Saved data entries =

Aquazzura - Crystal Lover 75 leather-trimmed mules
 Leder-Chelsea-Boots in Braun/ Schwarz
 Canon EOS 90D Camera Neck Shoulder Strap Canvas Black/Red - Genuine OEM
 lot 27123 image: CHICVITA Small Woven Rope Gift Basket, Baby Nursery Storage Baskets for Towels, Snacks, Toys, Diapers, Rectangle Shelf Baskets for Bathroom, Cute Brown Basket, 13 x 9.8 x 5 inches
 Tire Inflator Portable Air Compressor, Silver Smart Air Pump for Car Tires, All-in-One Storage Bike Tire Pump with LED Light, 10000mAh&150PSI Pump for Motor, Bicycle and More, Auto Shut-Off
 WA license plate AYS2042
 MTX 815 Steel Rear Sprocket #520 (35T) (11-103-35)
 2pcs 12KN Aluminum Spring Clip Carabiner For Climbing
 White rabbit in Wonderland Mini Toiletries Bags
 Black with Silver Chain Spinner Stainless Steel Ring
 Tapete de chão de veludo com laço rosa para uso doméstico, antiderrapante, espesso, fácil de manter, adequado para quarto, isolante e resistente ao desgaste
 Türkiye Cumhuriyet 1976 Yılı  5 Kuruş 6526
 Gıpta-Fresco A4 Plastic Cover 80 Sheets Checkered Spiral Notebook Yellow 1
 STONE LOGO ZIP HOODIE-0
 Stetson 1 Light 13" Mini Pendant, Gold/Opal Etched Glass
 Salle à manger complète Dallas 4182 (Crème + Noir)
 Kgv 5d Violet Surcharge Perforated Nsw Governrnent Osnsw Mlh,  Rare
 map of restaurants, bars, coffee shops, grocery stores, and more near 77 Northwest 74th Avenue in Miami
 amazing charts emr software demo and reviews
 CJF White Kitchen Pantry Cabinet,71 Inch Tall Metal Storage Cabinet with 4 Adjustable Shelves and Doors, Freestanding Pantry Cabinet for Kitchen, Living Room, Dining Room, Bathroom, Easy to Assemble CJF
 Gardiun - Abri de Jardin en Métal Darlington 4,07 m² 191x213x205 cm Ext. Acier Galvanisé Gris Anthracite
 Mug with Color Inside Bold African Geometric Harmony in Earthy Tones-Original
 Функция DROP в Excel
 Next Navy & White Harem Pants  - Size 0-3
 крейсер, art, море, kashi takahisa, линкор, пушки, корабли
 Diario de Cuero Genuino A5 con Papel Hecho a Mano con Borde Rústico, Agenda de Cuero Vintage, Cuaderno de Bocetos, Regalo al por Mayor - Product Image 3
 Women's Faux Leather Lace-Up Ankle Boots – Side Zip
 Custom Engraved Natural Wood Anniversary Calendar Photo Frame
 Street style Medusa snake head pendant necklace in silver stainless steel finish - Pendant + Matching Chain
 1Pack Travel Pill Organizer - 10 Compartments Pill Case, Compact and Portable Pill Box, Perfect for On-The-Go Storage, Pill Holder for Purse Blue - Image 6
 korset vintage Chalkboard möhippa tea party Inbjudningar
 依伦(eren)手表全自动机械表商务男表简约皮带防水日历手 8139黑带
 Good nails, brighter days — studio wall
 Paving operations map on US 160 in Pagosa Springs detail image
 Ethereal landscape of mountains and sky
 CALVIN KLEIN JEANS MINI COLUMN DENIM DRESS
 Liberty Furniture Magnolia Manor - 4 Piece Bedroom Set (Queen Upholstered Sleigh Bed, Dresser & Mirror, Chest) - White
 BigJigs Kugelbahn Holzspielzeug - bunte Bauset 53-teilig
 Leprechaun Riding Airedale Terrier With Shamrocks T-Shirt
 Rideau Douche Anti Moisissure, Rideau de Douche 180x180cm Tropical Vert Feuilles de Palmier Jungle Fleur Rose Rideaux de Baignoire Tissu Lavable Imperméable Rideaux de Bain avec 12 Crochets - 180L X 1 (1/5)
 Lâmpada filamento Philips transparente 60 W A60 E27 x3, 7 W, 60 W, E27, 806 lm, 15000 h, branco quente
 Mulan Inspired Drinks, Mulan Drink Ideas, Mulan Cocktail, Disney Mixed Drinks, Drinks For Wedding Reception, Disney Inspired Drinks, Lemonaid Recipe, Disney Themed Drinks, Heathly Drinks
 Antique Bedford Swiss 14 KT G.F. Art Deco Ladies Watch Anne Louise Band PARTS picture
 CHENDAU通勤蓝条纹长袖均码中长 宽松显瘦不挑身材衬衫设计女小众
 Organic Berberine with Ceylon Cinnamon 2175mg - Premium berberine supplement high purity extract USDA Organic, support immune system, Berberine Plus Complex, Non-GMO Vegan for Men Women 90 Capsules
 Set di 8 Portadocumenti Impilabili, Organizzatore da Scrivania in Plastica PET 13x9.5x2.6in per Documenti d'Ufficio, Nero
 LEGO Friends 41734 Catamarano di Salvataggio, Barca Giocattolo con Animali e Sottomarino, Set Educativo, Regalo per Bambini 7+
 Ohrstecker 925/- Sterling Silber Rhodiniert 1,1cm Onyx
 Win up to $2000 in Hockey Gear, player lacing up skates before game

Aim of the exercise = Print exactly the lines above, between the one holding "White rabbit in" and the one holding "Women's Faux Leather", inclusive, and nothing besides.

Answer to this problem =
 White rabbit in Wonderland Mini Toiletries Bags
 Black with Silver Chain Spinner Stainless Steel Ring
 Tapete de chão de veludo com laço rosa para uso doméstico, antiderrapante, espesso, fácil de manter, adequado para quarto, isolante e resistente ao desgaste
 Türkiye Cumhuriyet 1976 Yılı  5 Kuruş 6526
 Gıpta-Fresco A4 Plastic Cover 80 Sheets Checkered Spiral Notebook Yellow 1
 STONE LOGO ZIP HOODIE-0
 Stetson 1 Light 13" Mini Pendant, Gold/Opal Etched Glass
 Salle à manger complète Dallas 4182 (Crème + Noir)
 Kgv 5d Violet Surcharge Perforated Nsw Governrnent Osnsw Mlh,  Rare
 map of restaurants, bars, coffee shops, grocery stores, and more near 77 Northwest 74th Avenue in Miami
 amazing charts emr software demo and reviews
 CJF White Kitchen Pantry Cabinet,71 Inch Tall Metal Storage Cabinet with 4 Adjustable Shelves and Doors, Freestanding Pantry Cabinet for Kitchen, Living Room, Dining Room, Bathroom, Easy to Assemble CJF
 Gardiun - Abri de Jardin en Métal Darlington 4,07 m² 191x213x205 cm Ext. Acier Galvanisé Gris Anthracite
 Mug with Color Inside Bold African Geometric Harmony in Earthy Tones-Original
 Функция DROP в Excel
 Next Navy & White Harem Pants  - Size 0-3
 крейсер, art, море, kashi takahisa, линкор, пушки, корабли
 Diario de Cuero Genuino A5 con Papel Hecho a Mano con Borde Rústico, Agenda de Cuero Vintage, Cuaderno de Bocetos, Regalo al por Mayor - Product Image 3
 Women's Faux Leather Lace-Up Ankle Boots – Side Zip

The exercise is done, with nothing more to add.